- What the task requires: Only the lines below from the one that contains "Acero Inoxidable con" through the one that contains "Em carta, adolescente" should appear in your answer, exact and without pictures.

- Listed records:

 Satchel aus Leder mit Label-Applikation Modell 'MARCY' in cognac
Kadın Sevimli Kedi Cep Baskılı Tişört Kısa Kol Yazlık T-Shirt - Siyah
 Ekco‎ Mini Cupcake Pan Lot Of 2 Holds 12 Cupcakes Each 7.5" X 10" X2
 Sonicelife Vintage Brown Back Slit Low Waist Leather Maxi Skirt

--

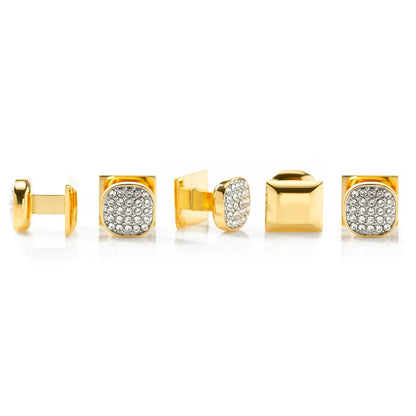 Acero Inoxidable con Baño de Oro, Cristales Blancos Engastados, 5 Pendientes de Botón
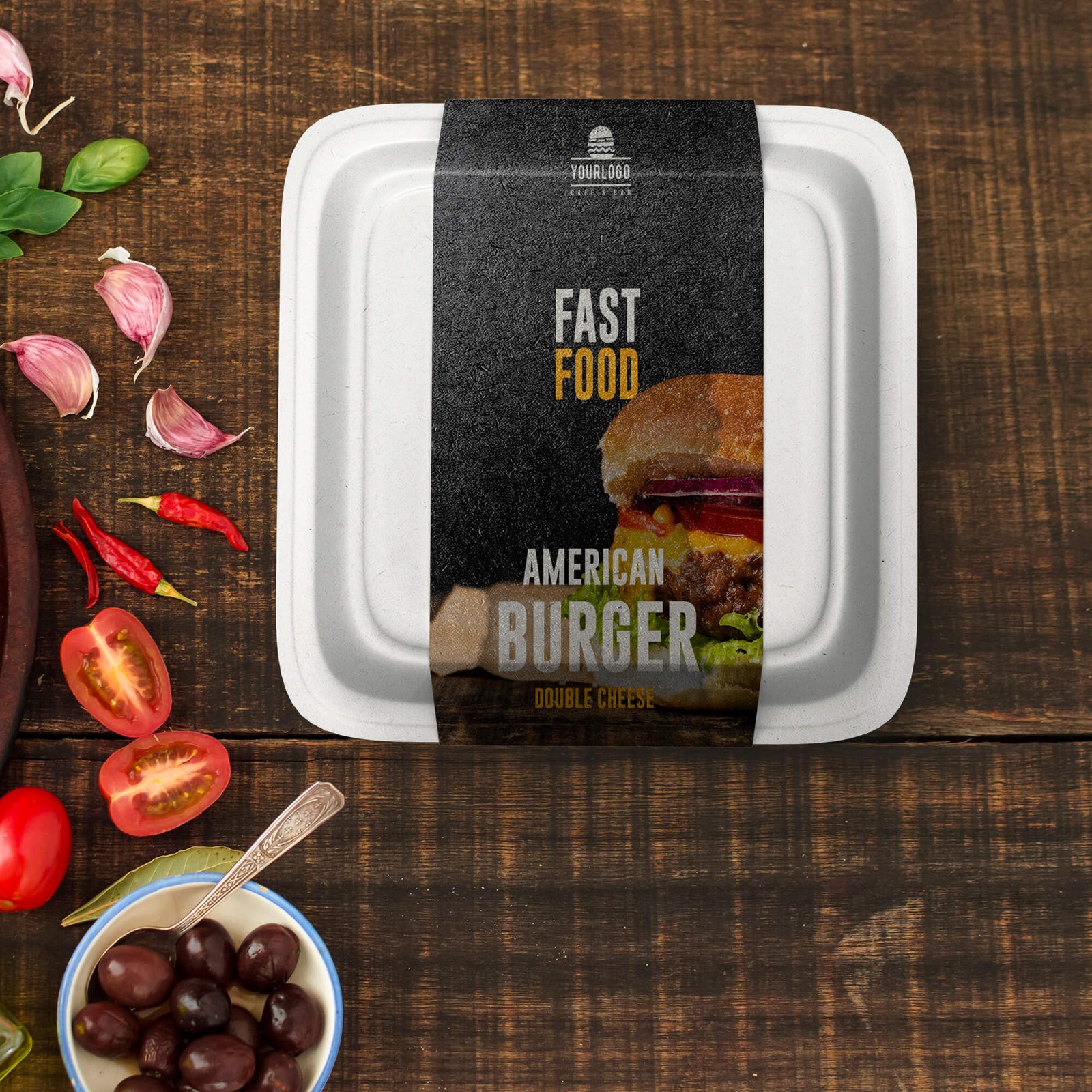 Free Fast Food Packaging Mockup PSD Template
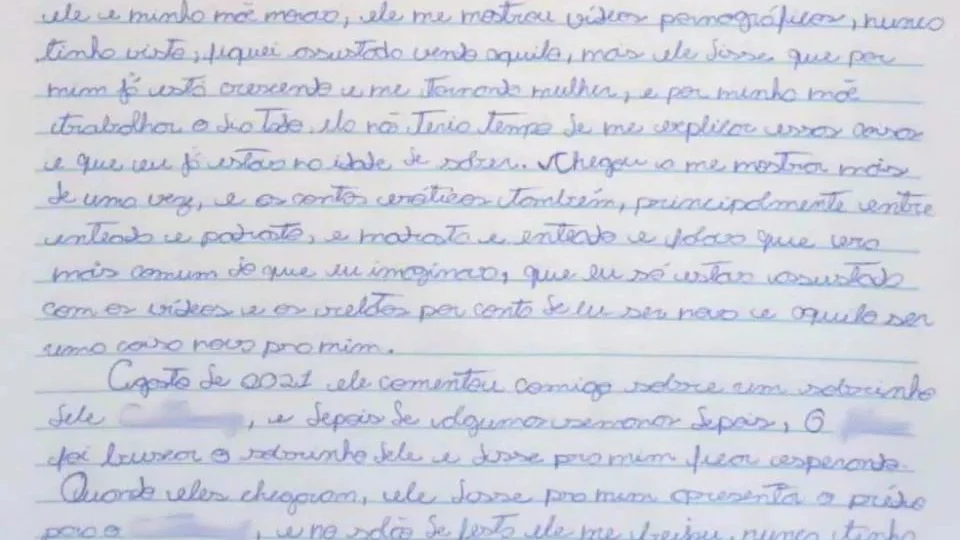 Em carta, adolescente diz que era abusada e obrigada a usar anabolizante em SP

- Answer to the exercise:
 Acero Inoxidable con Baño de Oro, Cristales Blancos Engastados, 5 Pendientes de Botón
 Free Fast Food Packaging Mockup PSD Template
 Em carta, adolescente diz que era abusada e obrigada a usar anabolizante em SP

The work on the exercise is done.